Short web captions
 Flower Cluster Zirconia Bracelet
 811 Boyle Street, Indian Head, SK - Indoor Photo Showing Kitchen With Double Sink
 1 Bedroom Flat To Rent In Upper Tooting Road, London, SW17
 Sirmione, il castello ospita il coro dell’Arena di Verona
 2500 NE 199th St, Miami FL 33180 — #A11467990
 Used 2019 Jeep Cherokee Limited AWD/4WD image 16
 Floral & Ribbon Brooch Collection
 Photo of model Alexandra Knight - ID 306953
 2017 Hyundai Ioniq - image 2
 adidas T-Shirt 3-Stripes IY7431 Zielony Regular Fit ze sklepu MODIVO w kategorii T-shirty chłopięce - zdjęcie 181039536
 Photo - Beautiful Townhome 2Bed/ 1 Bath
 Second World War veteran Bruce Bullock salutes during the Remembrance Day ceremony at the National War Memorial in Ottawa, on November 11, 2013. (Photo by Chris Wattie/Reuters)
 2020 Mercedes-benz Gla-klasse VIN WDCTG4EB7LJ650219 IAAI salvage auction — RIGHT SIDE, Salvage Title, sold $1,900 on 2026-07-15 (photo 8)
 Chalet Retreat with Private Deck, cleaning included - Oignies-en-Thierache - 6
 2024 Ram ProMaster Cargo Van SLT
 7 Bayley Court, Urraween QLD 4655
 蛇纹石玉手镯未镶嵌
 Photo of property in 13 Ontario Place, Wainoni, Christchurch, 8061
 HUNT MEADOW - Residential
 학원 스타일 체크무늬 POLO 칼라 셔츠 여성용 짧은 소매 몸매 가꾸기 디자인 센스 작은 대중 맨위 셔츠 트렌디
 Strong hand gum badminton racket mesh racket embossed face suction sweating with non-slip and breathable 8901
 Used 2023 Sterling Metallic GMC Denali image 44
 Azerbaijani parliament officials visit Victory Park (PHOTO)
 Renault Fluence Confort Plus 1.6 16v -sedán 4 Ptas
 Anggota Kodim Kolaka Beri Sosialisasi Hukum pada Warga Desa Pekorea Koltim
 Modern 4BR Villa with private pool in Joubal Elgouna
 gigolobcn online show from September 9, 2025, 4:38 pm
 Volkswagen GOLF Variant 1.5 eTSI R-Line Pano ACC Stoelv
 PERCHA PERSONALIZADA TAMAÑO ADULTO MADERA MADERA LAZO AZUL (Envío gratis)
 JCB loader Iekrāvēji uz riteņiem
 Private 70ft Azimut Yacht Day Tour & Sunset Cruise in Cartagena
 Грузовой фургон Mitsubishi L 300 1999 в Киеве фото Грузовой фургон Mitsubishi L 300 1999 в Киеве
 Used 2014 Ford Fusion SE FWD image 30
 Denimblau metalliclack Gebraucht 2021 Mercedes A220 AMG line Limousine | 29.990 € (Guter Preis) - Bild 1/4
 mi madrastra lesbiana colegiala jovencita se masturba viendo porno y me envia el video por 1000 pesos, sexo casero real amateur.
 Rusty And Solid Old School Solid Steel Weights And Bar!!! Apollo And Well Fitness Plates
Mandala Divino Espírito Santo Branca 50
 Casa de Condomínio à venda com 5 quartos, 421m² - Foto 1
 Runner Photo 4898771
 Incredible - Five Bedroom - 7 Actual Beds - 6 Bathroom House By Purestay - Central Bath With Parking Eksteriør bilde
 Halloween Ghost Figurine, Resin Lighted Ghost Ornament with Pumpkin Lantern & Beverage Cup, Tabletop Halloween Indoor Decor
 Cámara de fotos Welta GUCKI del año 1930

- Assignment -
Without changing anything, repeat every record above.

- Output below -
 Flower Cluster Zirconia Bracelet
 811 Boyle Street, Indian Head, SK - Indoor Photo Showing Kitchen With Double Sink
 1 Bedroom Flat To Rent In Upper Tooting Road, London, SW17
 Sirmione, il castello ospita il coro dell’Arena di Verona
 2500 NE 199th St, Miami FL 33180 — #A11467990
 Used 2019 Jeep Cherokee Limited AWD/4WD image 16
 Floral & Ribbon Brooch Collection
 Photo of model Alexandra Knight - ID 306953
 2017 Hyundai Ioniq - image 2
 adidas T-Shirt 3-Stripes IY7431 Zielony Regular Fit ze sklepu MODIVO w kategorii T-shirty chłopięce - zdjęcie 181039536
 Photo - Beautiful Townhome 2Bed/ 1 Bath
 Second World War veteran Bruce Bullock salutes during the Remembrance Day ceremony at the National War Memorial in Ottawa, on November 11, 2013. (Photo by Chris Wattie/Reuters)
 2020 Mercedes-benz Gla-klasse VIN WDCTG4EB7LJ650219 IAAI salvage auction — RIGHT SIDE, Salvage Title, sold $1,900 on 2026-07-15 (photo 8)
 Chalet Retreat with Private Deck, cleaning included - Oignies-en-Thierache - 6
 2024 Ram ProMaster Cargo Van SLT
 7 Bayley Court, Urraween QLD 4655
 蛇纹石玉手镯未镶嵌
 Photo of property in 13 Ontario Place, Wainoni, Christchurch, 8061
 HUNT MEADOW - Residential
 학원 스타일 체크무늬 POLO 칼라 셔츠 여성용 짧은 소매 몸매 가꾸기 디자인 센스 작은 대중 맨위 셔츠 트렌디
 Strong hand gum badminton racket mesh racket embossed face suction sweating with non-slip and breathable 8901
 Used 2023 Sterling Metallic GMC Denali image 44
 Azerbaijani parliament officials visit Victory Park (PHOTO)
 Renault Fluence Confort Plus 1.6 16v -sedán 4 Ptas
 Anggota Kodim Kolaka Beri Sosialisasi Hukum pada Warga Desa Pekorea Koltim
 Modern 4BR Villa with private pool in Joubal Elgouna
 gigolobcn online show from September 9, 2025, 4:38 pm
 Volkswagen GOLF Variant 1.5 eTSI R-Line Pano ACC Stoelv
 PERCHA PERSONALIZADA TAMAÑO ADULTO MADERA MADERA LAZO AZUL (Envío gratis)
 JCB loader Iekrāvēji uz riteņiem
 Private 70ft Azimut Yacht Day Tour & Sunset Cruise in Cartagena
 Грузовой фургон Mitsubishi L 300 1999 в Киеве фото Грузовой фургон Mitsubishi L 300 1999 в Киеве
 Used 2014 Ford Fusion SE FWD image 30
 Denimblau metalliclack Gebraucht 2021 Mercedes A220 AMG line Limousine | 29.990 € (Guter Preis) - Bild 1/4
 mi madrastra lesbiana colegiala jovencita se masturba viendo porno y me envia el video por 1000 pesos, sexo casero real amateur.
 Rusty And Solid Old School Solid Steel Weights And Bar!!! Apollo And Well Fitness Plates
Mandala Divino Espírito Santo Branca 50
 Casa de Condomínio à venda com 5 quartos, 421m² - Foto 1
 Runner Photo 4898771
 Incredible - Five Bedroom - 7 Actual Beds - 6 Bathroom House By Purestay - Central Bath With Parking Eksteriør bilde
 Halloween Ghost Figurine, Resin Lighted Ghost Ornament with Pumpkin Lantern & Beverage Cup, Tabletop Halloween Indoor Decor
 Cámara de fotos Welta GUCKI del año 1930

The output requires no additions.